November 1st, 2008 · 10 Comments · economy, politics, the power of identity

The South African National People’s Convention held in Sandton today, surely marks a turning point in South Africa’s history.

The convention is clearly bigger and of more significance than what most media pundits have predicted even a short while ago. At best it – we were told – would be a splinter group from the ANC. The ANC won’t have much to worry about.

Yes, it’s unlikely the ANC will loose the 2009 election, but still – this is big shift. Signs are that the ANC are worried.

Wabenzi, originally uploaded by Wildebeast1.

And although on both sides of the divide there are plenty of careerists, opportunists and beholders of the cult of personality – ideological lines are belatedly being drawn in the sand. There is a left and a right developing around normal issues such as how much the state should be involved in developing South Africa, about public and private.

Soon the whole of South Africa will have to choose their politics more by their ideology and less by their race. How novel!

What I find telling is the fear among whites of Jacob Zuma. It is so ironic. At the convention there was evidence of exactly these sentiments.

“Delegate Kyle van Huyssteen, 21, who lives with his parents in Lonehill, was there because he was disgusted by how former president Thabo Mbeki was axed by the ANC.

He was also there because of Lekota’s “courage to stand for what many South Africans believe in” and his desire to protect the constitution from “warlords” and criminal elements in the ANC.

“I came here because I was worried by the way the ANC abused power, manipulated the constitution to suit their needs and their lack of morality,” Van Huyssteen said.

The crowd at the convention centre was peppered with famous faces such as Hennie Smit, better known as Bertie in Egoli, and socialite Annie Malan, who joined other delegates in dance and song outside the convention center.”

There is a rule of thumb to understand white reaction and it goes like this: The less a white person knows about our recent history, the more detached they were, the more they are inclined to prefer what the Mail and Guardian has dubbed the Shikota movement. (The breakaway from Jacob Zuma’s ANC.)

I have to say that I find the anti-Zuma sentiments you hear from many white people a bit rich. Don’t get me wrong. Julius Malema, Blade Nzimande, Zwelezima Vavi and even Gwede Mantashe has dropped some verbal bombs that won’t go down well with middle classes (and decent people) anywhere.

Zuma’s ANC’s killing off of the Scorpions elite investigation unit have done their image no favours either. And neither has the promotion of an MP who is under a fraud investigation – Mnyamezeli Booi – to chief whip of parliament going to strengthen the post Mbeki ANC’s anti crime and corruption credentials.

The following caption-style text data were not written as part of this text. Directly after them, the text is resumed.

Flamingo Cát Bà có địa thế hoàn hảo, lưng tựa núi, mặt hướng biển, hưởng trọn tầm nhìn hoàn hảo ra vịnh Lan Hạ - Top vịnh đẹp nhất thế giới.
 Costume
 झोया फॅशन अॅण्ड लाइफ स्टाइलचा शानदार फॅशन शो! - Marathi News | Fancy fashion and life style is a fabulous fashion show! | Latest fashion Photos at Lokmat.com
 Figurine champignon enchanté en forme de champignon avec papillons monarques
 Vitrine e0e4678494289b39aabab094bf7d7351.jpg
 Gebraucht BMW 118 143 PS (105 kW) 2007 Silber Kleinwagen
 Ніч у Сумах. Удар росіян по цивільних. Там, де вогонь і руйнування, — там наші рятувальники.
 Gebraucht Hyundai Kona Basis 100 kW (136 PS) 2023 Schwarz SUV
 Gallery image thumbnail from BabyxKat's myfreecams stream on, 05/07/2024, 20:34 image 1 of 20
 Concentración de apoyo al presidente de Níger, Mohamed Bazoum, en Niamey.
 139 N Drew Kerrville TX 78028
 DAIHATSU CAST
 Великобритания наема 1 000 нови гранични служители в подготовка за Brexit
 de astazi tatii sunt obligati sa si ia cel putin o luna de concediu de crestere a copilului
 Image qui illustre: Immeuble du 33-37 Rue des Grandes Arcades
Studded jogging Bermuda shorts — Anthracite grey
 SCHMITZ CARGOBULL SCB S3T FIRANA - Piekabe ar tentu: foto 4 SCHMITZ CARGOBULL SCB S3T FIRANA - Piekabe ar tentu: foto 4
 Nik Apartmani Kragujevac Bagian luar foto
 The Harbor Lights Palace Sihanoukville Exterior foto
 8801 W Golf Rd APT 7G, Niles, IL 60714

The case of the director general of Correctional Services, Vernie Petersen, reported this week is even more worrying. Said the Mail and Guardian after Petersen, seen as an anti-corruption figther – was moved from his post:

“This is a victory for Balfour, but a loss for the department. Vernie [Petersen] was cleaning up the department. But he [Minister Balfour] was lobbying intensely to get rid of him,” a department insider told the M&G.”

But what most whities don’t get is that the very fact that we are having a very lively and plural debate in this country is part of the opening up of public discourse that Zuma made possible by daring to stand up against the Mbeki machine.

As little as two and half years ago people were not having these debates. Zuma ran the Mbeki and ja-broer gauntlet when it was very unfashionable to do so.

Very many whities were silent during the Mbeki years. Thousands of Aids deaths? Silence.

Inequality rising? You would not have thought that they care.

I wrote on the Constitutionally Speaking blog earlier this week:

Zuma comes around and creates the space for public discourse (especially for whites) and whites by and large, suddenly awake form their political slumber of 12 years, find their voice and gush: We are scared of that barbarian Zuma!

Wakey wakey you middleclass sleepwalkers – we just lived through a nightmare called Thabo Mbeki that’s left thousands dead, squandered the non racial social capital Mandela built painstakingly and that has severely weakened the ability of the state to deliver a better life for all.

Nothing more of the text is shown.